What is Harm Reduction Therapy and How Do I Practice It?
SMART Recovery, for which Stanton serves on the international advisory council, is an abstinence-based program. Only Stanton doesn’t think that “abstinence-oriented” is a type of treatment. Harm reduction, which incorporates abstinence as one end of a spectrum of harm-reduction techniques, does represent a therapeutic approach, which Stanton explains in the SMART newsletter.
Harm reduction therapy is based on four principles:
- While absolute abstinence may be preferable for many or most substance abusers, very few will achieve it, and even that small group will take time to do so and may relapse periodically;
- Ordinary medical treatment readily accepts and practices ameliorative therapies, which preserve health and well-being even when people fail to observe all recommended health behaviors;
- Therapists should present accurate information to clients and may even express their own beliefs, but they cannot make judgments for clients;
- There are many shades of improvement in every kind of therapy—this improvement may be all that people are capable of and should be encouraged and nurtured.
In Europe, the concept of harm reduction is taken for granted. Except for the United States, every national government in the Western world endorses or provides needle exchange programs. And harm reduction has had a certain impact in the U.S. as well, where many cities and states tolerate, or even encourage, clean needle programs. Moreover, there are methods for counselors to deal with addicts and alcoholics which are consistent with the harm reduction ideology. These often require counselors to develop whole new ways of thinking about addictions, clients and the therapeutic relationship. These new ways of thinking offer important tools for reaching clients and for improving treatment outcomes.
Following are key harm reduction therapy attitudes and techniques in relation to addictions:
Accept and respond to improvement. The standard addiction treatment in the U.S. requires the individual to instantaneously and totally give up all use of the problem substance, and rejects anyone who fails to do so! This is cherry-picking of clients, by working only with those who are immediately able to get better. But who then will deal with the vast majority who are not capable of immediate cessation? Substance abuse counselors who wish to work with this large majority need to define intermediate goals, and to recognize such positive steps when these occur.

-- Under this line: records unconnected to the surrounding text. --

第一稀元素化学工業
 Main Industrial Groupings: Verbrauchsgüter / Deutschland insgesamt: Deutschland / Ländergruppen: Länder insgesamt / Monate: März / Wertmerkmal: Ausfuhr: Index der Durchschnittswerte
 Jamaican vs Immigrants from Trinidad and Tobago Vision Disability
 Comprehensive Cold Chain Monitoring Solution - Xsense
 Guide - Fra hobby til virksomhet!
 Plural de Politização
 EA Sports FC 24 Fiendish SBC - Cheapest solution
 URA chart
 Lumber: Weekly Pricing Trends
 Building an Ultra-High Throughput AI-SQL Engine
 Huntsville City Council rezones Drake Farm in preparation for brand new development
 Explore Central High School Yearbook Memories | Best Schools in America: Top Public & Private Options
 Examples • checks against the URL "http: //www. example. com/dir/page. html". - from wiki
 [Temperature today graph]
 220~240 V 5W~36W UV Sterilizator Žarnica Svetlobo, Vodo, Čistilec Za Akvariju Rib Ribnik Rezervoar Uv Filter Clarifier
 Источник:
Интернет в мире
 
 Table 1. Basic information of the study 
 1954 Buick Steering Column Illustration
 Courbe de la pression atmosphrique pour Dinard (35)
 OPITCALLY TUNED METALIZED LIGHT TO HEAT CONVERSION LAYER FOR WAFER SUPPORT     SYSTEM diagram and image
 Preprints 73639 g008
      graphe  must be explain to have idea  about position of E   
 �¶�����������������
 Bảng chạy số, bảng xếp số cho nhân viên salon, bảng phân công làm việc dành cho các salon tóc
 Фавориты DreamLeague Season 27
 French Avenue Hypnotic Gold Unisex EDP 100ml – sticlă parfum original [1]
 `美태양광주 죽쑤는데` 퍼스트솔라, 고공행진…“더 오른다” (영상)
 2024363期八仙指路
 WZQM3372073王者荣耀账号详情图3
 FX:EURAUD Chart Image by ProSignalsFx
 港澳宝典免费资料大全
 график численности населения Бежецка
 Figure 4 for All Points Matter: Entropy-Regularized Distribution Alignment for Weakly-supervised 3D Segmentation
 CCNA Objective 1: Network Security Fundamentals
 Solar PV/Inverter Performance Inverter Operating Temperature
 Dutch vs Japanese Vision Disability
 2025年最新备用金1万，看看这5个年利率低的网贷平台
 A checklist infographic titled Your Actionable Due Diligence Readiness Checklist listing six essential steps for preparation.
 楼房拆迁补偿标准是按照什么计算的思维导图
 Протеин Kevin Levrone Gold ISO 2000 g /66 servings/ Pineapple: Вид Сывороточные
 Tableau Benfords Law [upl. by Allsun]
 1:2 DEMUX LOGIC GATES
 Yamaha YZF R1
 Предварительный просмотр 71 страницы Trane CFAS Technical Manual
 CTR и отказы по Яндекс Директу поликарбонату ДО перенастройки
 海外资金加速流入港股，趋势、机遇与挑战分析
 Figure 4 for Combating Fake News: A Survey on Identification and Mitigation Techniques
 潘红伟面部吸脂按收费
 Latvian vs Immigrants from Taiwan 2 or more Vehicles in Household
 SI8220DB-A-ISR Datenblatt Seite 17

Improvement includes any lessening of harms the person experiences. What if a man regularly, while out drinking, got into fist fights or committed crimes? If, while drinking no less, that person stayed at home, he might significantly reduce the harms his drinking causes. Or, if another man got drunk at home and then fought with his wife, he might improve his life by simply drinking at a safe place outside of his home. It is a strange kind of perfectionism which says, “I won’t accept any kind of drinking or drunkenness, and if this man continues to drink this way, I wash my hands of him.” This is reminiscent of former New Jersey governor Christie Whitman, who rejected the recommendation of the AIDS Commission she appointed when it listed provision of clean needles as the top step the state could take to prevent new HIV infection. New Jersey now has the highest rate of injection-based HIV infection in the nation, many of them children of drug users.
Humility (versus perfectionism) is a clinical skill. When people say, “I will not tolerate any kind of drinking in therapy, and therapists who do endanger the lives of their clients,” their own patients must surely have perfect compliance. Not! It’s just that they insisted on abstinence, so that any failures were those of their clients, and not their own. While this may assuage therapists’ consciences, it is not effective therapy.
Anticipate and incorporate continued harms in therapy. Among the delusions of therapists is that clients depend solely on their therapists for any advances they make. In fact, most people get better on their own. In part, this involves experiencing and learning from the pain of their mistakes. When we consider that most alcoholics have spent years, even decades developing their habits, we may begin to understand that positive changes may likewise take some time (although hopefully not as long as it took to develop the problem), and trial and error. This means recognizing that continued drinking will occur, while continuing to work with clients towards fulfilling life goals and reducing harms.
Learning to take care of oneself is a skill, a value, and an attitude. To say one accepts that human beings are imperfect does not mean that you endorse their imperfection. You want to encourage those you are helping to greater heights and larger successes. But it is the recognition and encouragement of smaller successes that lead to such progress. In particular, helping people to think about how to take care of themselves, even if they continue to drink and take drugs, may be an entirely new attitude for some people. When they first start getting medical care for health problems, or eating well or avoiding infection, or staying out of legal trouble, or getting a place to live, or accumulating money, etc., this new attitude can grow so that it crowds out all problem drug use or drinking.
What we consider substance abuse therapy in the United States consists largely of exhortation—”quit drug taking and drinking!” Real therapists must know how to improve the conditions of a range of clients, from those who are ahead of the therapist in curing themselves, to those who merely need encouragement, to those who need help to avoid falling off the edge, to those who may have given up and who are waiting —or helping themselves—to die.